Cloud is becoming more and more of a vital component in many organizations’ digital transformation strategies. With the current world crisis, the process of cloud migration has even been sped up in order to give customers the best digital experiences possible.
However, cloud migration can still be a challenge. This is why using AIOps can ease the process all the while giving businesses more visibility and efficiency to achieve the digital transformation to a cloud-native architecture.
What is AIOps?
Artificial intelligence for IT operations (AIOps) is an umbrella term for the use of big data analytics, machine learning (ML), and other artificial intelligence (AI) technologies in order to automate the identification and resolution of common IT issues. Using AIOps in large enterprises can provide them with immense volumes of log and performance data, which help monitor assets and gain visibility into dependencies without and outside of IT systems.
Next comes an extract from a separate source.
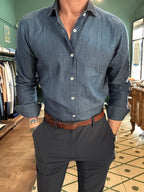 Camicia Sam chambray scuro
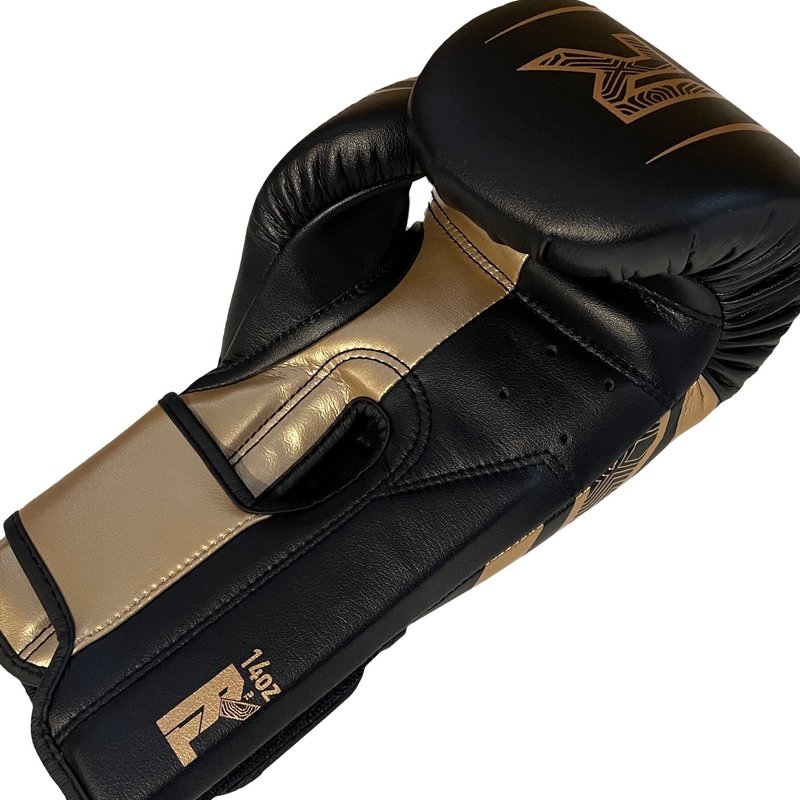 PunchR™  PunchR™ Boxhandschuhe Electric Schwarz Gold Mikrofaser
Hence, AIOps can automate routine practices, including user requests and non-critical IT system alerts, as well as evaluate the alert to determine if it requires an action or not depending on its relevance. AIOps can also recognize serious issues quicker and better than humans by looking out for threats in the systems that IT professionals might miss. Finally, AIOps can streamline the interactions between data center groups and teams by analyzing and monitoring the relevant data.
AIOps in Cloud Migration
Cloud migration is a critical operation for businesses and one of the best ways to mitigate the risks is to use AIOps.
Before the move to the cloud happens, AIOps can evaluate the potential impact of the migration on the IT environment. IT teams can then identify and resolve issues before they start to disrupt the end consumer during a cloud migration as well as get insights in multi-cloud and containerized environments. That way, the old and the new operational data will be prepared through algorithmic noise reduction and alert correlation.
Once the move to the cloud is done, ML and AI can check which resources are underused and identify which ones are the best for the company, hence limiting the costs and unnecessary resources.
AIOps also provides clear visibility across the platform, thus making it easier to manage the data in the cloud as well as suggests the best optimization strategies. Using a cloud migration strategy with AIOps can help identify what needs to be changed or not in order to keep the organization at the top of the competition.
As there is more and more reliance on the cloud, integrating AIOps into businesses’ IT environment will only improve the performance of the end consumer.
Conclusion
With the increase in digital transformations, AIOps is also rising in relevance. If organizations implement it into their strategy, transformations will happen quicker and easier. Data will only become more difficult to handle manually, hence making AI and ML essential.
AIOps seems to be a vital solution for a balanced digitalization and modernization of operational workflows.